Yvonne wollte in dem Moment etwas sagen, als eine kleine Gruppe von Geschäftsleuten, die offensichtlich aus den oberen Etagen kamen, das Parkhaus betrat, um es mit ihren Autos zu verlassen. Das Licht ging aus und sie eilte erneut zum Schalter, um ihn zu betätigen. Als sie wieder bei mir stand, hingen meine Augen förmlich an ihren Lippen.
„Heißt das etwa, Sie wissen nicht was wir hier tun?“
„Nein, ich weiß es wirklich nicht“ erwiderte ich und hätte auf den Knien um eine Antwort flehen können.
„Es tut mir leid,“ sagte sie „aber das darf Ihnen nur einer der Sechs aus dem Konferenzzimmer erklären.“
Hastig drückte ich die inzwischen dritte Zigarette aus und bat sie, mich wieder zu ihnen zu bringen.

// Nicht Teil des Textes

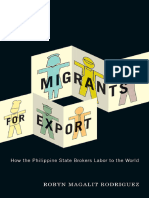 Migrants For Export - How The Philippine State Brokers Labor To The World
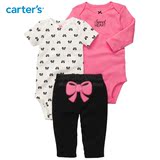 现货 美国代购 carters卡特 女童套装 3件套#121C078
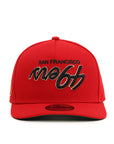 San Francisco 49ers Upside Down Red Team Logo SP 9Fifty A-Frame Snapback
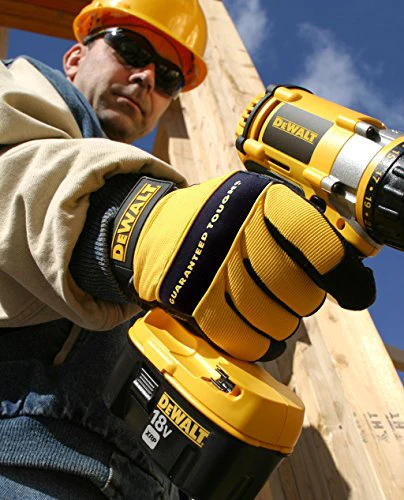 DeWALT All Purpose Leather Palm Spandex Back Velcro Wrist Work Glove - Image 4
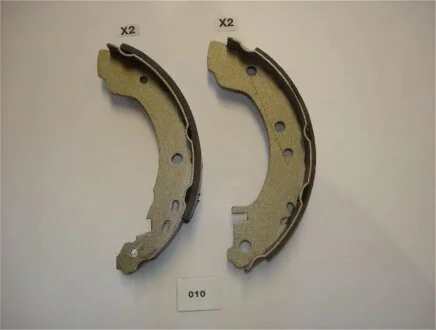 Колодки гальмівні барабанні (комплект 4 шт.).)) ASHIKA 55-00-010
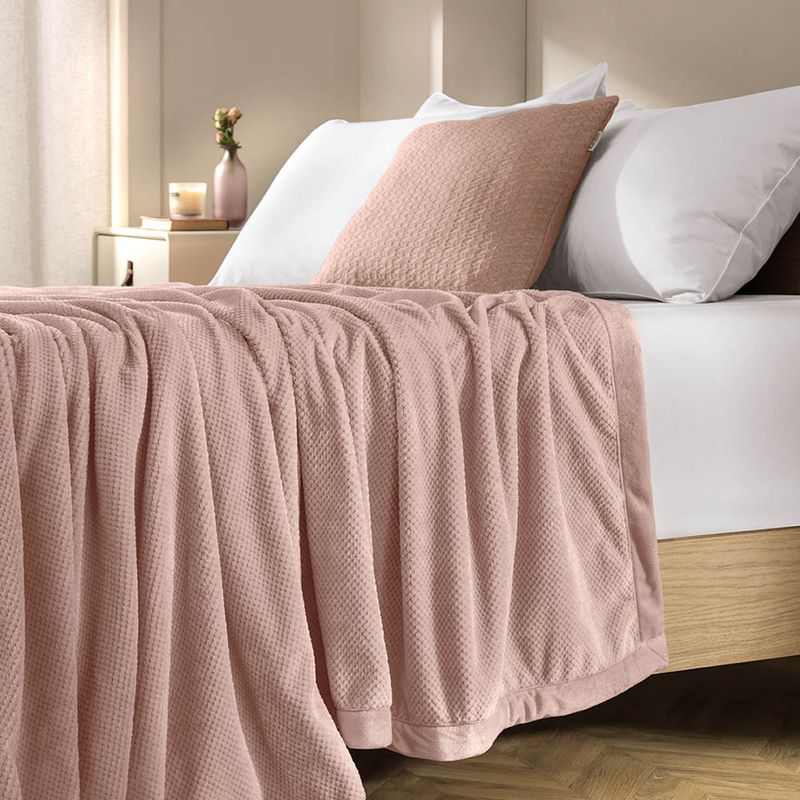 Manta-de-Microfibra-Queen-Prades-Rosa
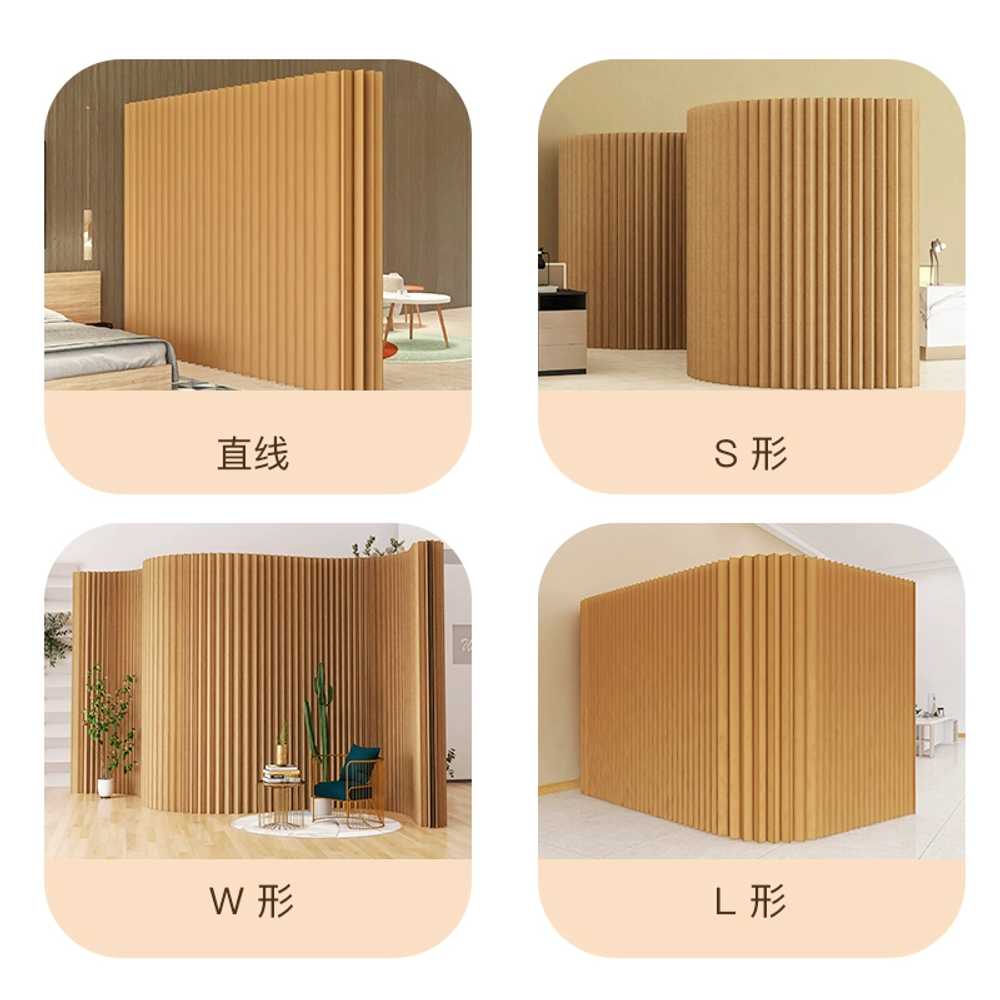 종이파티션 갤러리 전시 종이 가벽 인테리어 가림막 1.6x2m 28cm - 상세 이미지 5
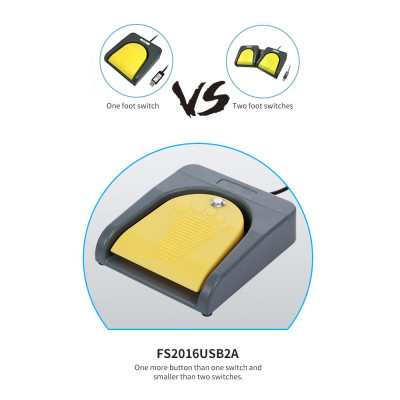 Bàn phím điều khiển chuyển đổi chân USB PCsensor FS2016USB2A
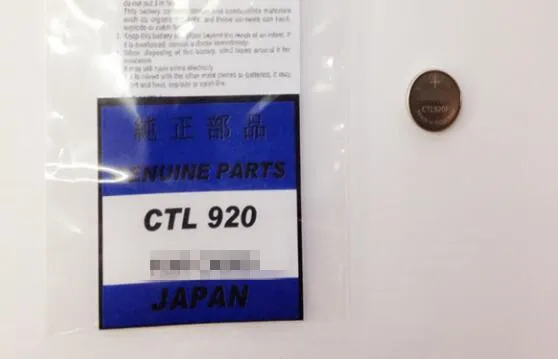 1 шт. 295-7580 CTL920F CTL920 светильник Citizen перезаряжаемая батарея новинка и оригинал |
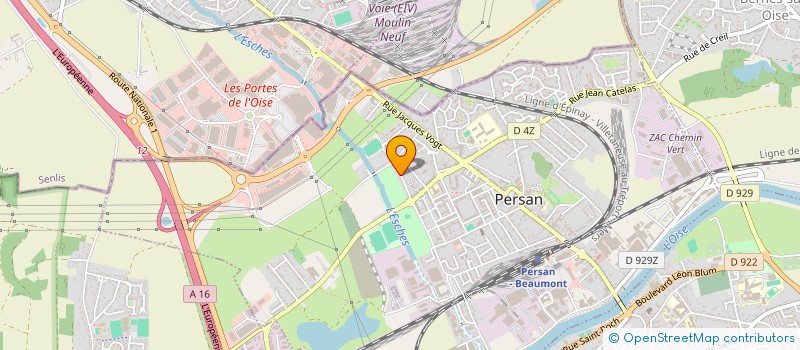 localisation de l'entreprise MONSIEUR SEBASTIEN MOUYNET  PERSAN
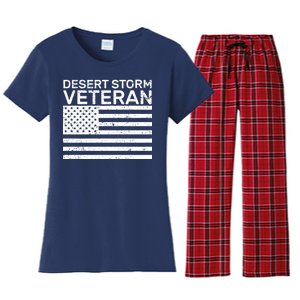 Desert Storm Veteran Women's Flannel Pajama Set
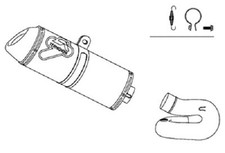 SCARICO TERMINALE TERMIGNONI HONDA CBR 1000 RR 08-11 OVALE INOX camicia CARBONIO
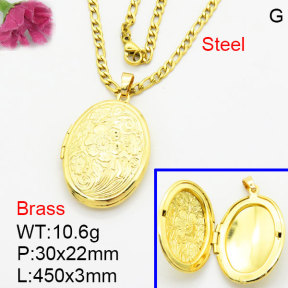 Fashion Brass Necklace  F3N200168avja-G030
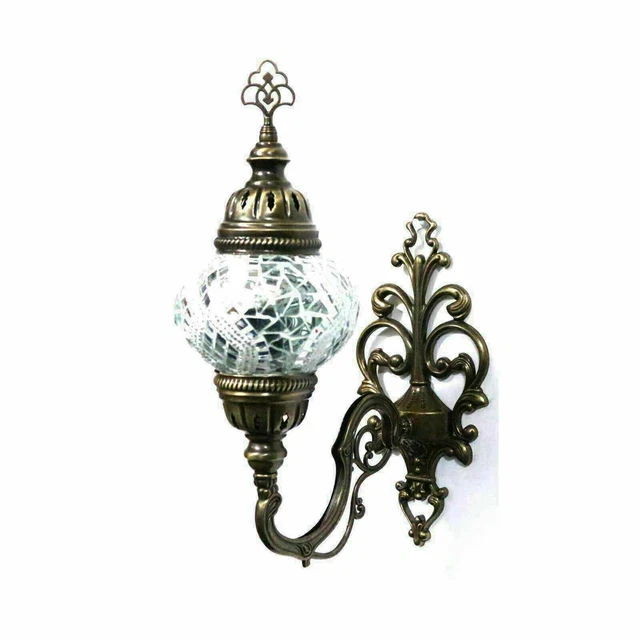 Applique murale en mosaïque turque Style marocain multicolore lampe lumière 2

Also machten wir uns wieder auf den Weg nach unten. (Wo haben die nur diese bemerkenswerten Handys her?)
Kaum dort angekommen, teilte mir Schwarzenbeck mit, dass er sowie auch seine fünf Mitstreiter davon überzeugt war, mit mir eine passende Ergänzung für ihr Projekt gefunden zu haben. Wenn ich also bereit wäre mit ihnen zusammenzuarbeiten, dann würde er sich freuen mich an Bord Willkommen zu heißen.
Selbstverständlich hätte ich noch Gelegenheit, meine persönlichen Vorbereitungen zu treffen, denn ich würde mich für eine unbestimmte Zeit fast ausschließlich in der Anlage aufhalten. Birnbaum fügte noch hinzu, dass er kein Problem darin sah, meine dadurch entstehenden beruflichen Einschränkungen für die Außenwelt darzustellen. Schließlich wäre es mehr als ein glücklicher Zufall, dass ich im weitesten Sinne für den Konzern arbeitete, in dem er eine bescheidene Rolle spiele.
Bei der Umschreibung ‚bescheidene Rolle‘ mussten unweigerlich alle schmunzeln. Und auch ich konnte mich dem nicht entziehen.
Ich hatte zwar immer noch keine Ahnung, was hier genau gespielt wurde, aber der Gedanke an die von Schwarzenbeck beschriebene Bibliothek alleine reichte aus, um die Waagschale meiner Entscheidung ein Stück in Richtung ‚Pro‘ zu beschweren.
Trotzdem setzte ich mein kühlstes Pokerface auf und fragte tollkühn. „Wissen Sie, was Sie da von mir verlangen? Wissen Sie, welche Einbußen ich habe, wenn ich mich selbst für unbestimmte Zeit beurlaube? Gut meine Mitarbeiter haben in der Vergangenheit mehr als einmal bewiesen, dass sie in der Lage sind, den Laden über eine kurze Zeit hinweg alleine zu schmeißen. Aber auf unbestimmte Zeit?“
Schwarzenbeck stand nun vor der Aufgabe, mich zu beruhigen, was er auch ganz gut hinbekam.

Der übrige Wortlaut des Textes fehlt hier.